_What needs to be done_. Look below for the line containing "Levi's • Women's 94 Baggy Denim Jeans (NWT)". Reproduce it and every line after it exactly, and nothing more.

_Provided records_.
.....
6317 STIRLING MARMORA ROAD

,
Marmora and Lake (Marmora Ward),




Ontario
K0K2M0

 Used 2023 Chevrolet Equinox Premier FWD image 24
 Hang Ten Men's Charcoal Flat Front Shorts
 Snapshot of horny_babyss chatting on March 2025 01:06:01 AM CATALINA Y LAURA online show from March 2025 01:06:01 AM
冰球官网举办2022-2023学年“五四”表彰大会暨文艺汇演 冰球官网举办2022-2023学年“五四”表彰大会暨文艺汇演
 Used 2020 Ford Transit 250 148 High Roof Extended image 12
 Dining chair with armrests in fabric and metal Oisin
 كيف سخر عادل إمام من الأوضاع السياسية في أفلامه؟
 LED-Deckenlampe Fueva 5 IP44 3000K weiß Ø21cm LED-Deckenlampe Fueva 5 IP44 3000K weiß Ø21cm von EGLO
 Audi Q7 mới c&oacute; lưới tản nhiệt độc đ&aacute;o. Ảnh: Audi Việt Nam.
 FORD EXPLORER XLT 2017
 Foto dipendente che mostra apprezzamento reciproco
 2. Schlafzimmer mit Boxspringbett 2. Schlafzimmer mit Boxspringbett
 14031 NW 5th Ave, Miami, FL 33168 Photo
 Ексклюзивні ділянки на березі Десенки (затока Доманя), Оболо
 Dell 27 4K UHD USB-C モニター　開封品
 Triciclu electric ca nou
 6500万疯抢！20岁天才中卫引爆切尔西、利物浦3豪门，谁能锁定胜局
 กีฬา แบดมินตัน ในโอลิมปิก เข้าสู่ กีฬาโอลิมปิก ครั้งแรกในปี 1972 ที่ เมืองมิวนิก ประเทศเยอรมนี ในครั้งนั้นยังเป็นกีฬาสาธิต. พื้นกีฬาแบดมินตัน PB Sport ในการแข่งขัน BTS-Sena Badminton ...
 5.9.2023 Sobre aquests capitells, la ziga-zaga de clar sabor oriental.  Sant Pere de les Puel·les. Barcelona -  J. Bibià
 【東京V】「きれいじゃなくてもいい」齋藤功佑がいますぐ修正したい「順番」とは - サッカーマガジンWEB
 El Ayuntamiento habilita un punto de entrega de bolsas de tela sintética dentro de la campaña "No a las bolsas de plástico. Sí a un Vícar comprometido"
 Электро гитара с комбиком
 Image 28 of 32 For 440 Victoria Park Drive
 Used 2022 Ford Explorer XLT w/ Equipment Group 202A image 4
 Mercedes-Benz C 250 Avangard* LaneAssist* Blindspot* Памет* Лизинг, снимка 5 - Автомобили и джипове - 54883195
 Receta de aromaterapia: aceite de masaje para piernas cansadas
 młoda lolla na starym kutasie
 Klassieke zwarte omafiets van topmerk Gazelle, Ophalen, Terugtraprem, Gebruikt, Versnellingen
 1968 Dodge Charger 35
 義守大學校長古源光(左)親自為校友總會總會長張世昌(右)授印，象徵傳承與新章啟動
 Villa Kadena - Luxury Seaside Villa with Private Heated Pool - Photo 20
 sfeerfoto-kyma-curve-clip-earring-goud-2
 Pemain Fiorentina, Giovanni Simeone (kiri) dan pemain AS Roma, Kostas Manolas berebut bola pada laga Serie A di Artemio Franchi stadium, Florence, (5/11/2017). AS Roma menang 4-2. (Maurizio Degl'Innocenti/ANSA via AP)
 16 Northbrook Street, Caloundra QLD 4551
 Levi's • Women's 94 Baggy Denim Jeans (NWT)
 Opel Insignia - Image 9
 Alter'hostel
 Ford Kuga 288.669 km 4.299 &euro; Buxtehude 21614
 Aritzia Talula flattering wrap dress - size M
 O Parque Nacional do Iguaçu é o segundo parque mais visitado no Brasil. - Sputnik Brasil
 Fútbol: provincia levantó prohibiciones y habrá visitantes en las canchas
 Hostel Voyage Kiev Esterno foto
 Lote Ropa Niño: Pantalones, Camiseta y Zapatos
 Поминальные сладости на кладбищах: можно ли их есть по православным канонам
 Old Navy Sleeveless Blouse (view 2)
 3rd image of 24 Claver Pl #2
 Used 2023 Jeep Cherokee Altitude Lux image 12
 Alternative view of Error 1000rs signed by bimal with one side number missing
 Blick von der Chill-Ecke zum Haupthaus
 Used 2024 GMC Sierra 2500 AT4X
.....
_Exercise result_.
 Levi's • Women's 94 Baggy Denim Jeans (NWT)
 Opel Insignia - Image 9
 Alter'hostel
 Ford Kuga 288.669 km 4.299 &euro; Buxtehude 21614
 Aritzia Talula flattering wrap dress - size M
 O Parque Nacional do Iguaçu é o segundo parque mais visitado no Brasil. - Sputnik Brasil
 Fútbol: provincia levantó prohibiciones y habrá visitantes en las canchas
 Hostel Voyage Kiev Esterno foto
 Lote Ropa Niño: Pantalones, Camiseta y Zapatos
 Поминальные сладости на кладбищах: можно ли их есть по православным канонам
 Old Navy Sleeveless Blouse (view 2)
 3rd image of 24 Claver Pl #2
 Used 2023 Jeep Cherokee Altitude Lux image 12
 Alternative view of Error 1000rs signed by bimal with one side number missing
 Blick von der Chill-Ecke zum Haupthaus
 Used 2024 GMC Sierra 2500 AT4X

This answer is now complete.